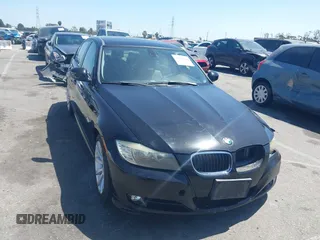 2011 BMW 3 Series 328i z VIN WBAPH5G58BNM83911, wystawiony jako IAAI lot #42020891 z przebiegiem 95 050 mil mil oraz . Historia ofert i sprzedaży dostępna na DreamBid. Obrazek 1.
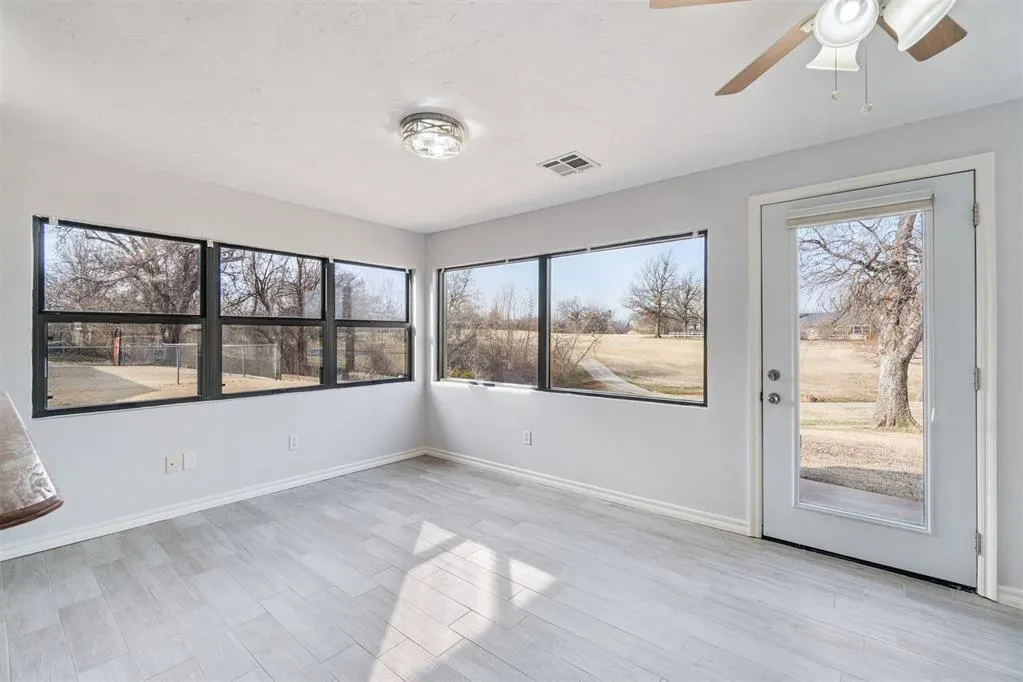 Photo 13 — 11805 Ashford Drive, Yukon, OK 73099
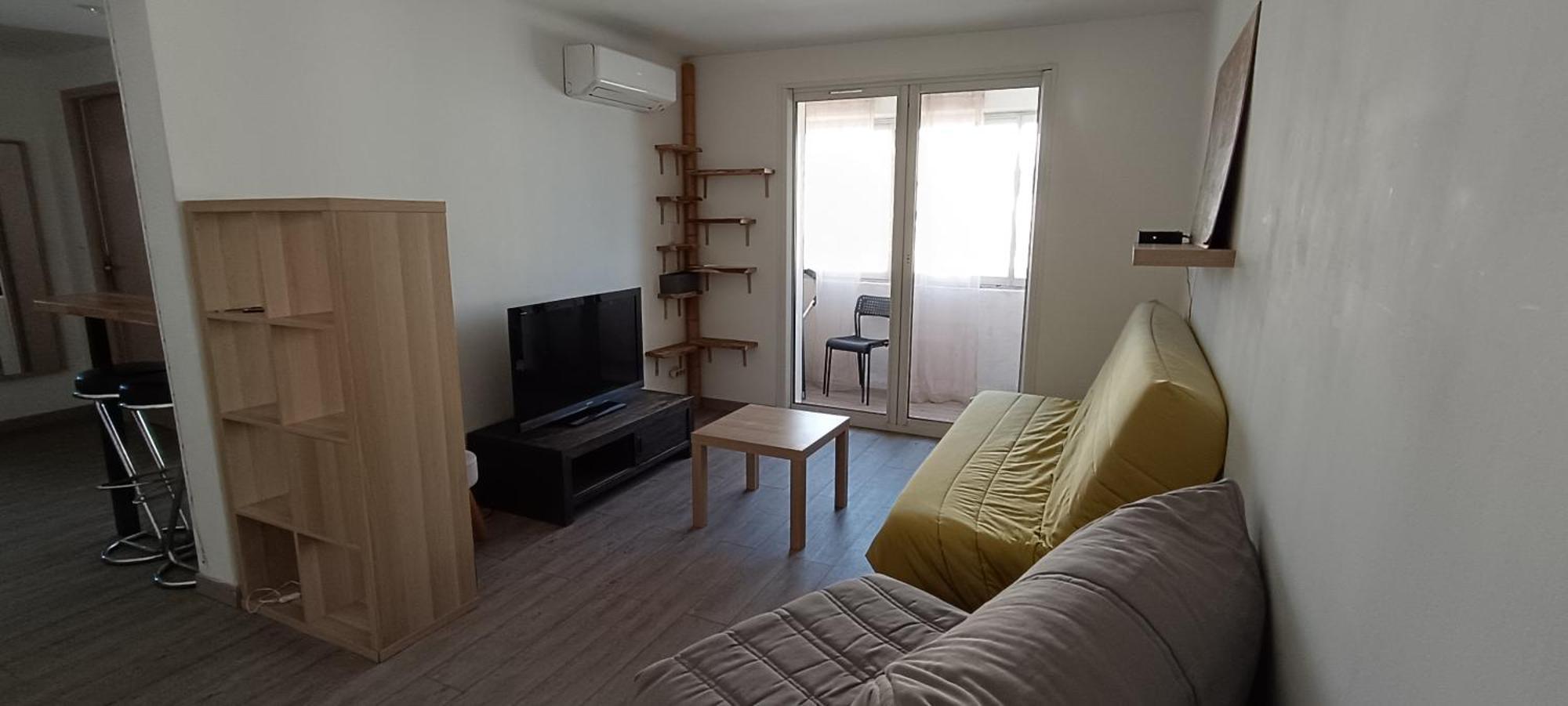 2 Pieces A A 30 Metres De La Appartement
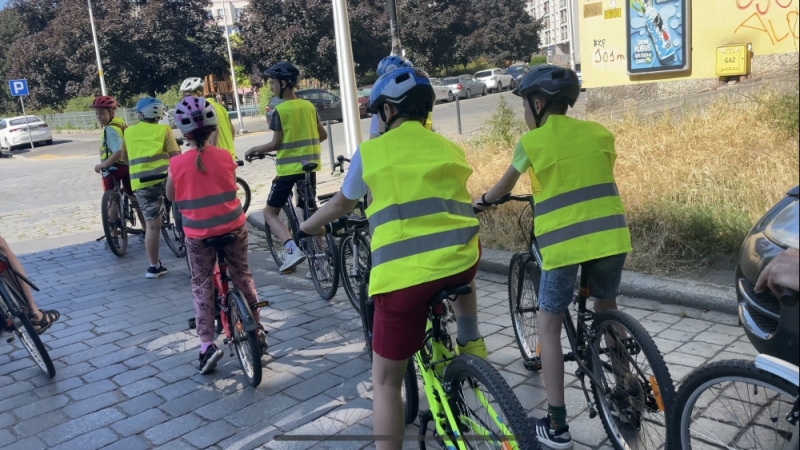 Zamiast szkolnego boiska - prawdziwa ulica, czyli karta rowerowa...po holendersku - fot. Justyna Kościelna 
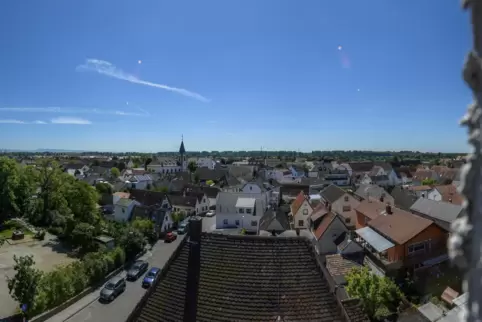 Die Stadtverwaltung will die Rheingönheimer Dorfmitte zum Sanierungsgebiet machen.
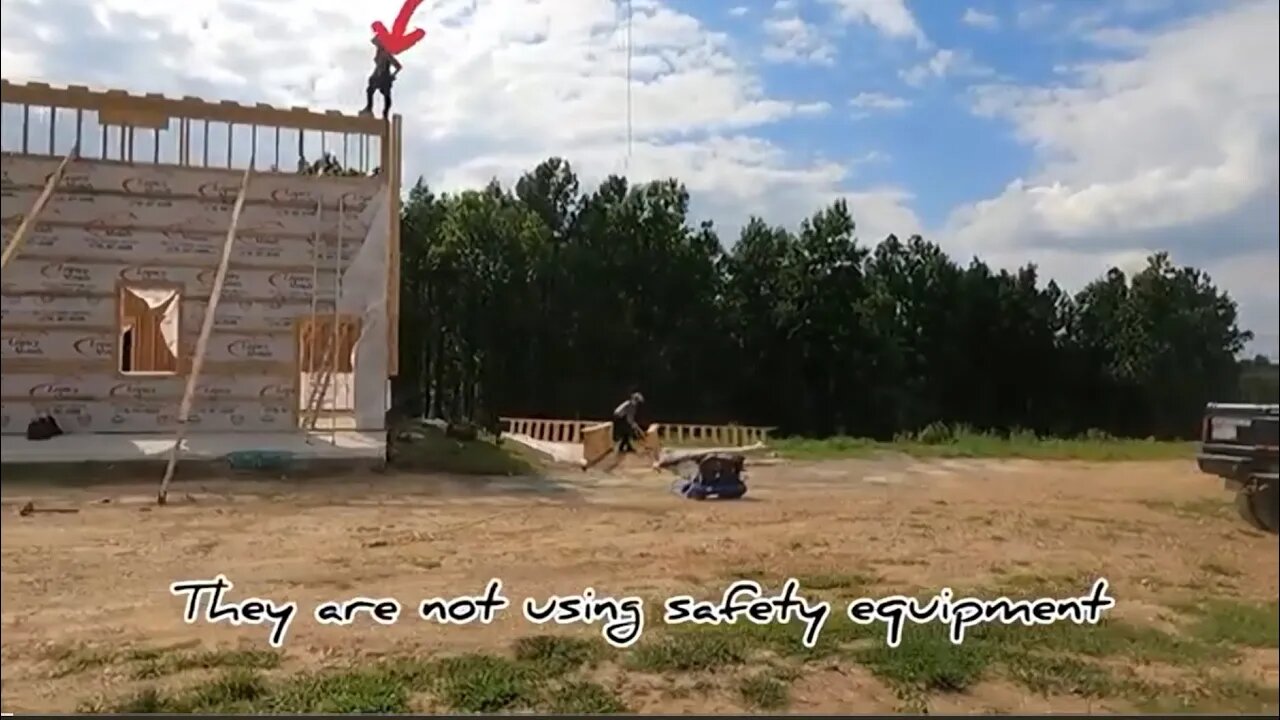 Unbelievable! Amish Rafters Defy Gravity Without Safety Gear #hedgehogshomestead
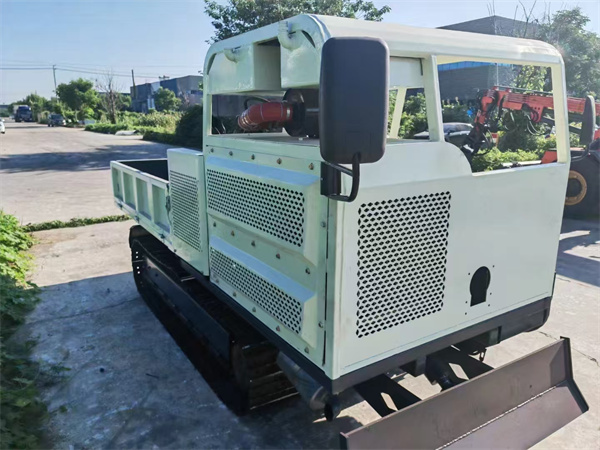 履帶吊車(chē)公司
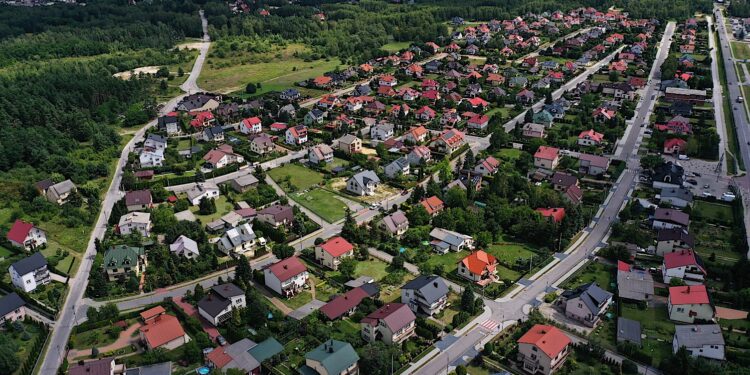 27.07.2022. Piekoszów. Widok na miejscowość / Fot. Jarosław Kubalski - Radio Kielce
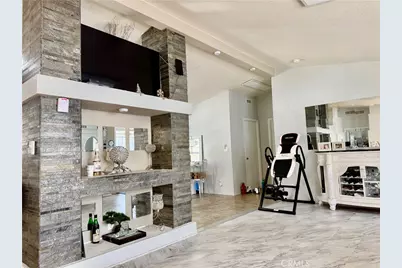 15455 Glenoaks Boulevard #540, Sylmar, CA 91342 - Photo 6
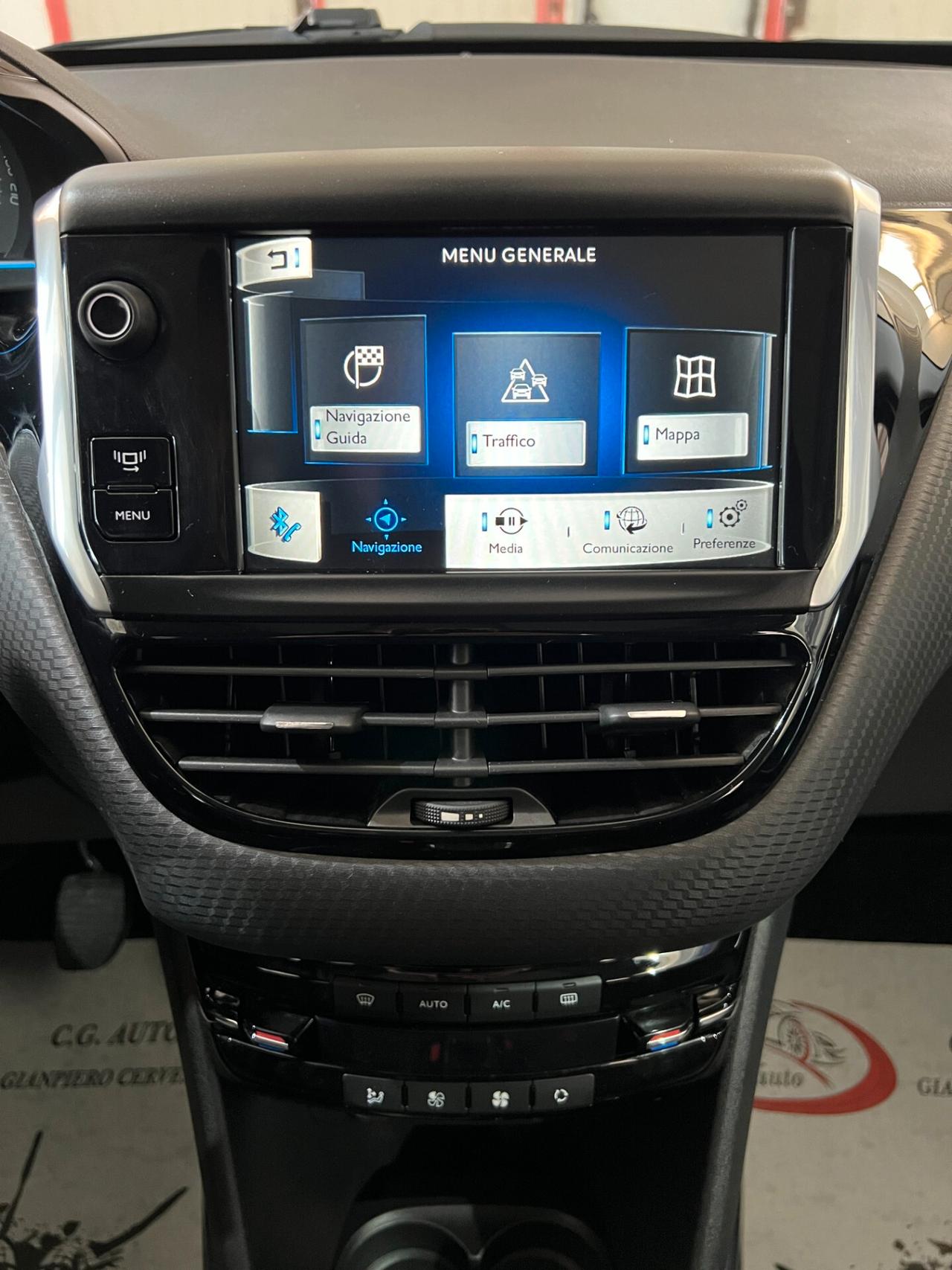 Peugeot 2008 1.6 92 CV - ALLURE - 2014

⁂

[EXERCISE] Reproduce the data above word for word and omit the images.

[OUTPUT OF THE TASK]
 2011 BMW 3 Series 328i z VIN WBAPH5G58BNM83911, wystawiony jako IAAI lot #42020891 z przebiegiem 95 050 mil mil oraz . Historia ofert i sprzedaży dostępna na DreamBid. Obrazek 1.
 Photo 13 — 11805 Ashford Drive, Yukon, OK 73099
 2 Pieces A A 30 Metres De La Appartement
 Zamiast szkolnego boiska - prawdziwa ulica, czyli karta rowerowa...po holendersku - fot. Justyna Kościelna 
 Die Stadtverwaltung will die Rheingönheimer Dorfmitte zum Sanierungsgebiet machen.
 Unbelievable! Amish Rafters Defy Gravity Without Safety Gear #hedgehogshomestead
 履帶吊車(chē)公司
 27.07.2022. Piekoszów. Widok na miejscowość / Fot. Jarosław Kubalski - Radio Kielce
 15455 Glenoaks Boulevard #540, Sylmar, CA 91342 - Photo 6
 Peugeot 2008 1.6 92 CV - ALLURE - 2014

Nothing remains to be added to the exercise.